The old pipeline.conf has the wireing, which has a effect which goes beyond one bot. As it connects bots, it maybe interessing to have in one place to check for consitency.
Another question is, if every bot should have their own configuration file.
What would be the use case for this? #552 packaging does not mandate this, if general default values are in the source code of bots. (It would mandate it, if bots had to come with an example config file to be useful.)
Again one aspect to look for can be what we want to do with the configuration files. One use case is: We want to check the whole configuration for consistency. For this it make sense that a lot of stuff is known about configuration parameters and to me the best way to specify this is as part of the source code of bots using Python code and type information. This way even more complex requirements for config values can be expressed using python functions and dynamic consistency check could use this code. Thus the code for a bot specific configuration parameters should be close to the bot itself. (And if their are parameters they share, it can be in the super class or abstract class, coming with IntelMQ (core).)
Okay, #552 would want a deinstallation method, which can be implemented against a joined configuration storage as well.
Some users wish to be able to start a bot without having to rely on IntelMQ,
Why? How can a bot with access to the IntelMQ queues be useful? I can imagine some janitor functionality, like freshing an external datasource format from time to time and this needs parameters that the real bot also needs. Anyhow could be seen as not being the bot itself, it would just be shared config values.
If parsing of the central intelmq storage would be in a library, then those assistent module could just read the config without starting or stopping other parts of IntelMQ.
If we want to support the request to be able to pass individual configurations to bots,
Why would I run a bot that affects the IntelMQ network to be run with different parameters? I have to make sure to stop the bot with the real parameters.
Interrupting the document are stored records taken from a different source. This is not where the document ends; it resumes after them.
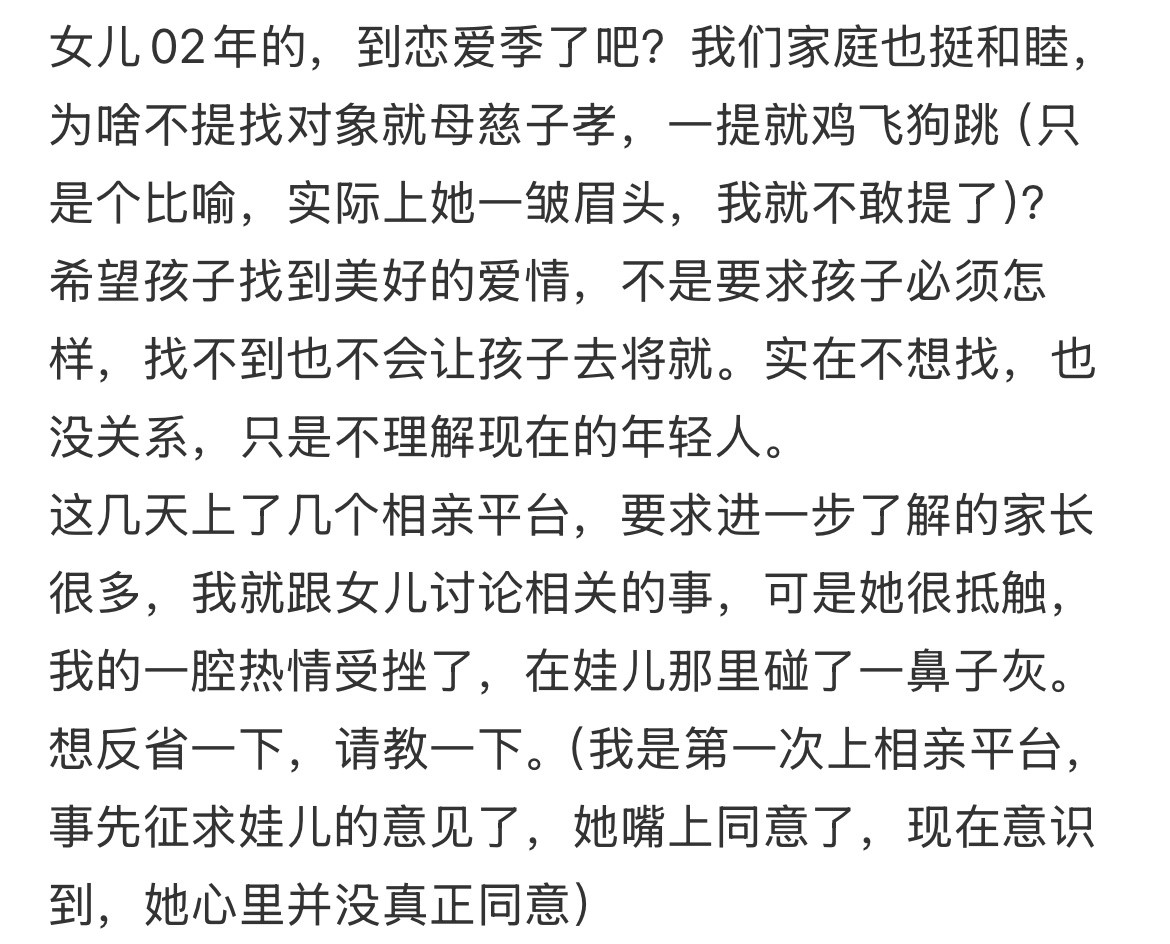 为什么女儿不想找对象。​​​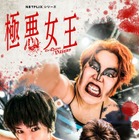 ゆりやんレトリィバァ、ダンプ松本役で新境地 Netflixドラマ『極悪女王』9月配信決定 画像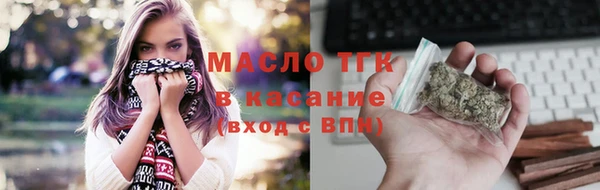 дурь Дмитровск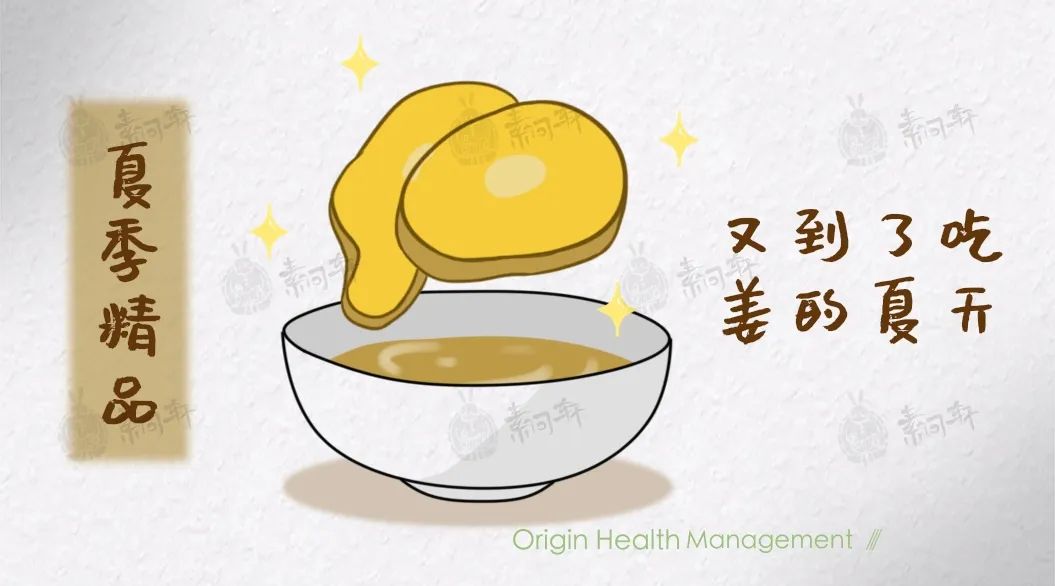 慢性湿疹止痒最有效泡脚的方法,湿疹患者可以每天用姜水泡脚吗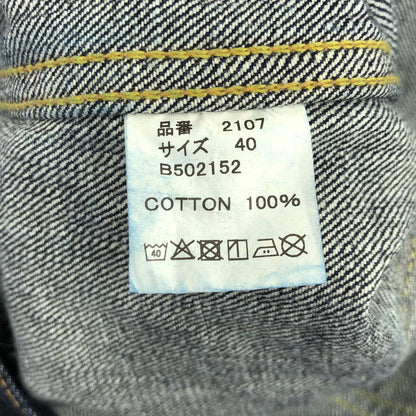 FULLCOUNT フルカウント 2107W Indigo Type 1 Denim Jacket 13.7oz (One Wash) Tops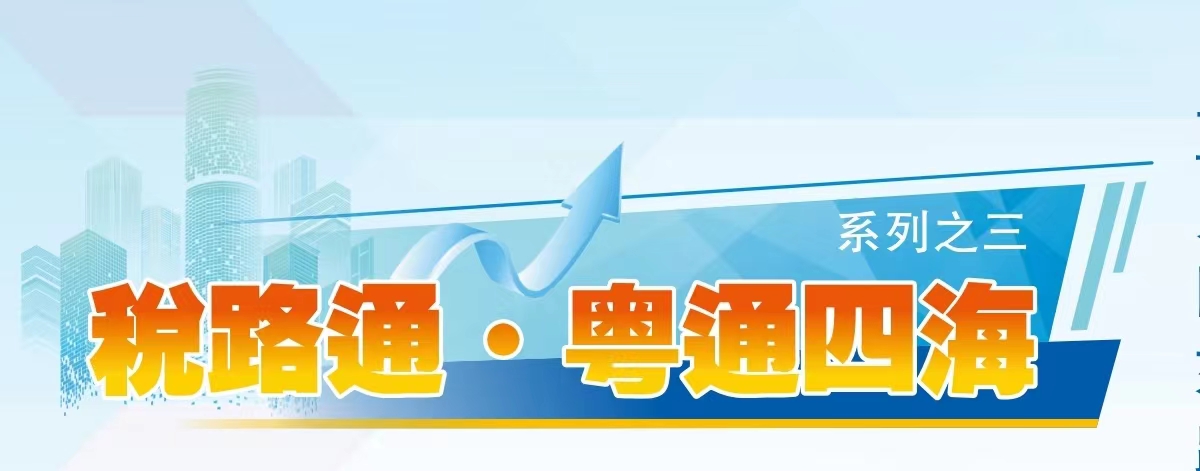 「稅路通」破解「急難愁盼」助力企業出海有路可通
This individual configuration file would also allow a bot to be run in a docker environment without having to set any environment variables.
The bots would still have to access the commonly set parameters. Interlude: https://12factor.net/config believes that using ENVIRONMENT variables would be a good pattern for running application parts ("apps") in different containers. Wireing that happens outside of course. The idea is, if you need a different set of configuration, just fire up a container with it. (I am not necessarily convinced of this pattern, leading to this comment https://github.com/Intevation/intelmq-fody-backend/blob/ad7a88022bdeadf3461a... )
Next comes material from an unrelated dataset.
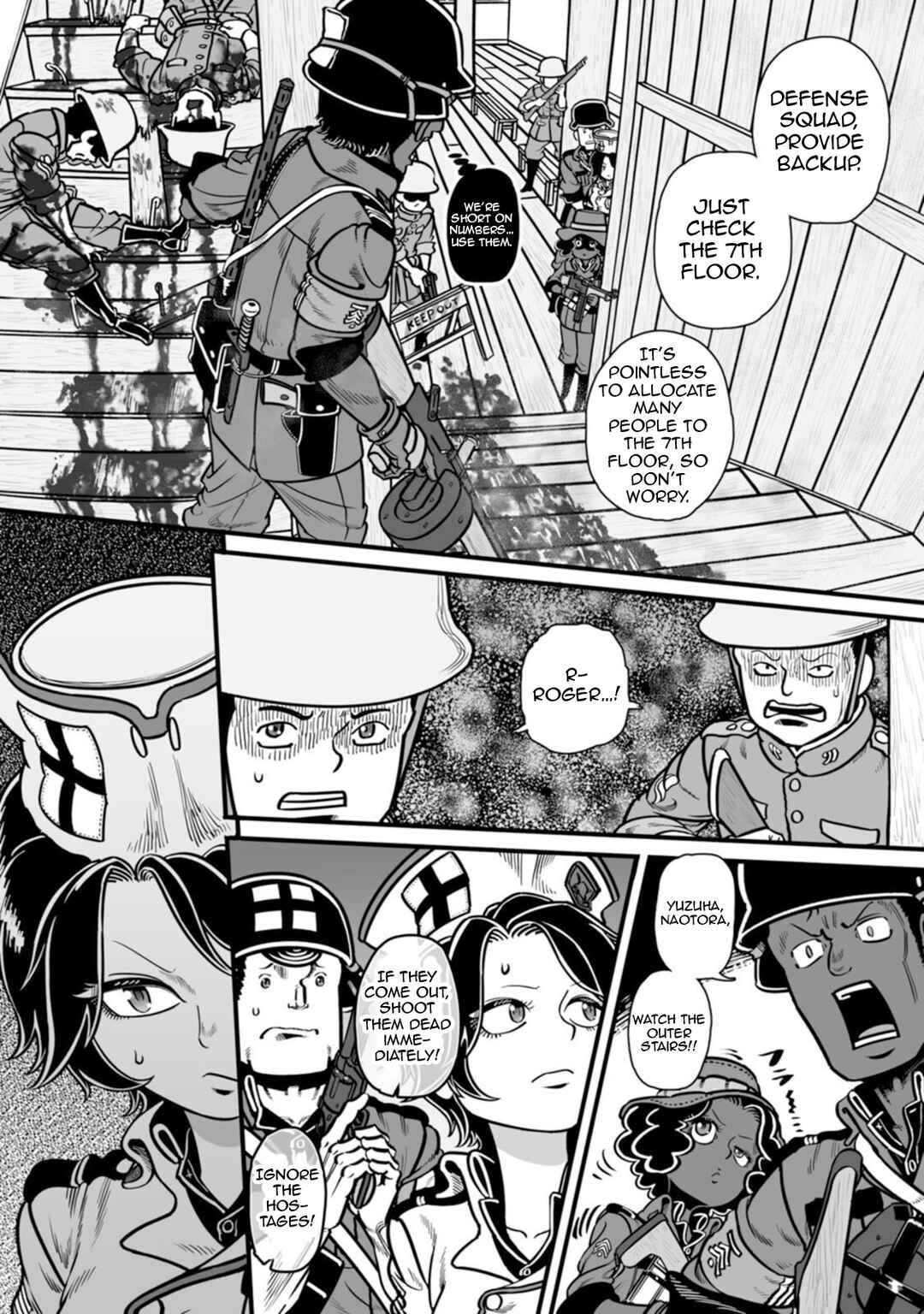 GROUNDLESS Chapter 47 - Page 25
This would make configuration handling probably easier, because then configuration settings could be stored in a file (and managed by a configuration management system)
Several central configuration files could also be handled in an SCM. Of course, the diff for a single bot cannot be seen more easily, if it is just one file that is read.
Proposal:
- IntelMQ gets one global configuration file for all the bots and
the pipeline.conf will be removed
(Then it must have the default.conf possibilities.)
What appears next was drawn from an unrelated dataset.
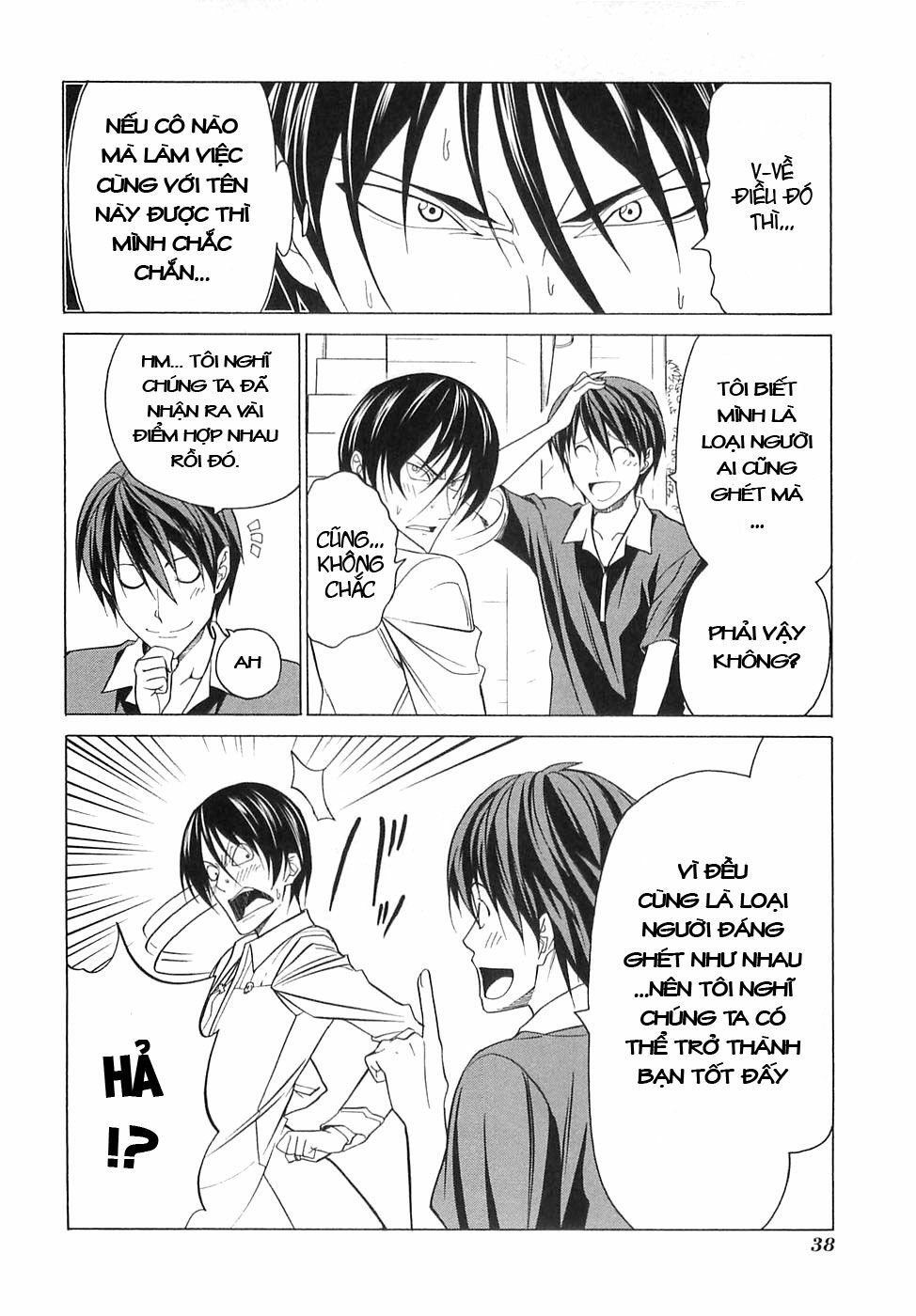 Tác Giả Manga Và Cô Phụ Tá: Chapter 16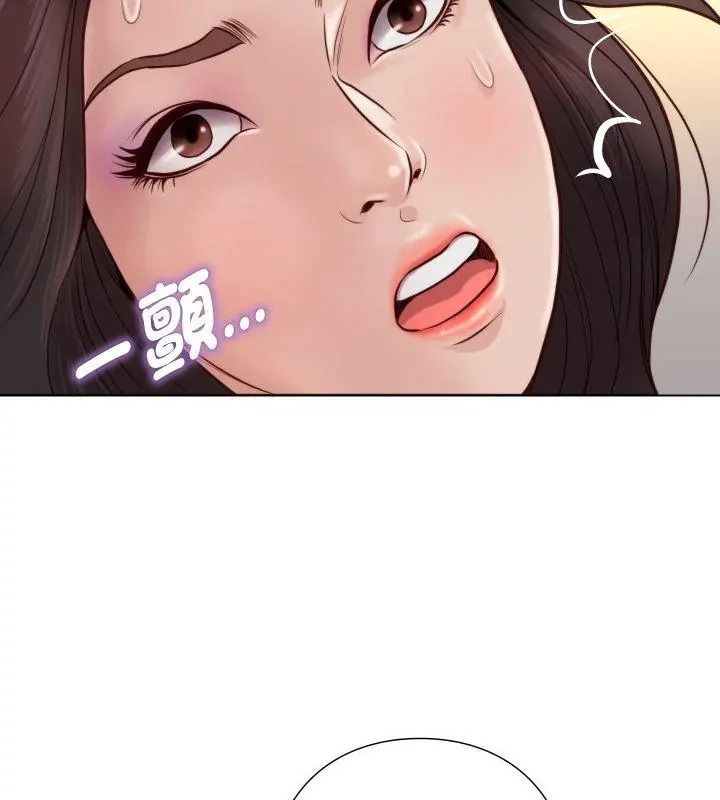 如果还有明天？第24話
- Every bot handles 0 to n `-c /path/to/configurationfile.$ext`
flags, which are treated the same way as the global configuration file.
A complication I'd only do with a relevant use case.
- Every bot also consults the environment and the values that are
set their overwrite the values in any configuration file
Same here.
- There are also configuration files which list settings that are
not bot specific, i.e. via a reserved key default (successor of the defaults.conf file) or group:id, those are also handled like other configuration files, but the bot does not compare its name to the key of the configuration.
So additional default.conf files? (I guess I do not fully understand the idea.)
All the evaluated configuration formats provide the possibility to arrange the configuration parameters in hierarchies. To make the configuration files more readable
This seems part of the format discussion mostly. (A file per bot, saves one level in the file, making a single file easier to read.)
In an ideal setup, the bot should be totally indifferent as to if it runs in a Docker container, on bare metal, in a SystemD unit file or with SupervisorD.
I agree in principle. A potential solution is: the process manager could extract all the configuration settings and export them all in environment variables. This way the central configuration files (which were existing in all proposed variants) do not have to be shipped to the container, so filesystem access would not be mandatory, only access to redis and whatever other resources a bot needs.
Thinking about this, we could make a redis configuration / control queue and then bots would only need to connect to the queue system and then request their current configuration from there. (File that idea in folder *crazy*, it is getting close to end of business here. ;) )
Overall I've observed much good thinking while reading the storage part of the proposal part. The whole problem space does not really segments itself nicely in my head up to now, which is a sign that things are more involved than at first sight. Hope my mixture of questions and thoughts helps to make it better!
Best Regards, Bernhard